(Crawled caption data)
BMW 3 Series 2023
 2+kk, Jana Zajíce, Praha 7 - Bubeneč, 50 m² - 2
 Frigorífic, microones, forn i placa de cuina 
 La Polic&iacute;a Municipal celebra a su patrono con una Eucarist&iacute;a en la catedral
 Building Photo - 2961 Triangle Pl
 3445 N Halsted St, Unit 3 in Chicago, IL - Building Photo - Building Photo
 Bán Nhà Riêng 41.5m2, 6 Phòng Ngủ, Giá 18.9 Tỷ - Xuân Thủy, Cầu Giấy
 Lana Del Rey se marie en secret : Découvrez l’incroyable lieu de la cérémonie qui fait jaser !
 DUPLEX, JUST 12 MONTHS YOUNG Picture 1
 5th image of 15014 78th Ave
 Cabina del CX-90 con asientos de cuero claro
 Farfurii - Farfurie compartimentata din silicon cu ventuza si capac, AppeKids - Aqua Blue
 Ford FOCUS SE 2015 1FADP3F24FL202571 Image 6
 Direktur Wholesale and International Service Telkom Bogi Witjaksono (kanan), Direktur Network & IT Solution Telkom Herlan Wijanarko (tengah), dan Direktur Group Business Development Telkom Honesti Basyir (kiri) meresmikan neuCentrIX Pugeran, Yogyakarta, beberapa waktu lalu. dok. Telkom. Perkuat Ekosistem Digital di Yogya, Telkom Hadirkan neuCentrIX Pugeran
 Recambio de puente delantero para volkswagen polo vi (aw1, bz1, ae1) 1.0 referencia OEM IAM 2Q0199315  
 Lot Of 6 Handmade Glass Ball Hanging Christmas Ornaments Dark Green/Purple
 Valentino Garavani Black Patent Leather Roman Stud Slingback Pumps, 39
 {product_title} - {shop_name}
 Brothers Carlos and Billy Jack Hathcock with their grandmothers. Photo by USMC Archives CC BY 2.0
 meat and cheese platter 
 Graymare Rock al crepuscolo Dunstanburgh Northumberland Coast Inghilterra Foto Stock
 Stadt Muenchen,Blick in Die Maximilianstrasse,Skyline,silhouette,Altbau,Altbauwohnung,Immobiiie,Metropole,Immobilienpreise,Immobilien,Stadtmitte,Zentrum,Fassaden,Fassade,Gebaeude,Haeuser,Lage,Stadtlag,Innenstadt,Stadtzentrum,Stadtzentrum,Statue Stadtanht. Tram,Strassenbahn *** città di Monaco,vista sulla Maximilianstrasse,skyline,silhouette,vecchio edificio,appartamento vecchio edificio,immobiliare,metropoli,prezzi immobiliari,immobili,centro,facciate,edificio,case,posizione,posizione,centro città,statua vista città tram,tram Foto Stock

WHAT YOU ARE ASKED TO DO:
Repeat, word for word, the lines from the start of the records to the line that contains "Ford FOCUS SE 2015 1FADP3F24FL202571 Image 6", both of them included, and no others.

ANSWER TO THE PROBLEM:
BMW 3 Series 2023
 2+kk, Jana Zajíce, Praha 7 - Bubeneč, 50 m² - 2
 Frigorífic, microones, forn i placa de cuina 
 La Polic&iacute;a Municipal celebra a su patrono con una Eucarist&iacute;a en la catedral
 Building Photo - 2961 Triangle Pl
 3445 N Halsted St, Unit 3 in Chicago, IL - Building Photo - Building Photo
 Bán Nhà Riêng 41.5m2, 6 Phòng Ngủ, Giá 18.9 Tỷ - Xuân Thủy, Cầu Giấy
 Lana Del Rey se marie en secret : Découvrez l’incroyable lieu de la cérémonie qui fait jaser !
 DUPLEX, JUST 12 MONTHS YOUNG Picture 1
 5th image of 15014 78th Ave
 Cabina del CX-90 con asientos de cuero claro
 Farfurii - Farfurie compartimentata din silicon cu ventuza si capac, AppeKids - Aqua Blue
 Ford FOCUS SE 2015 1FADP3F24FL202571 Image 6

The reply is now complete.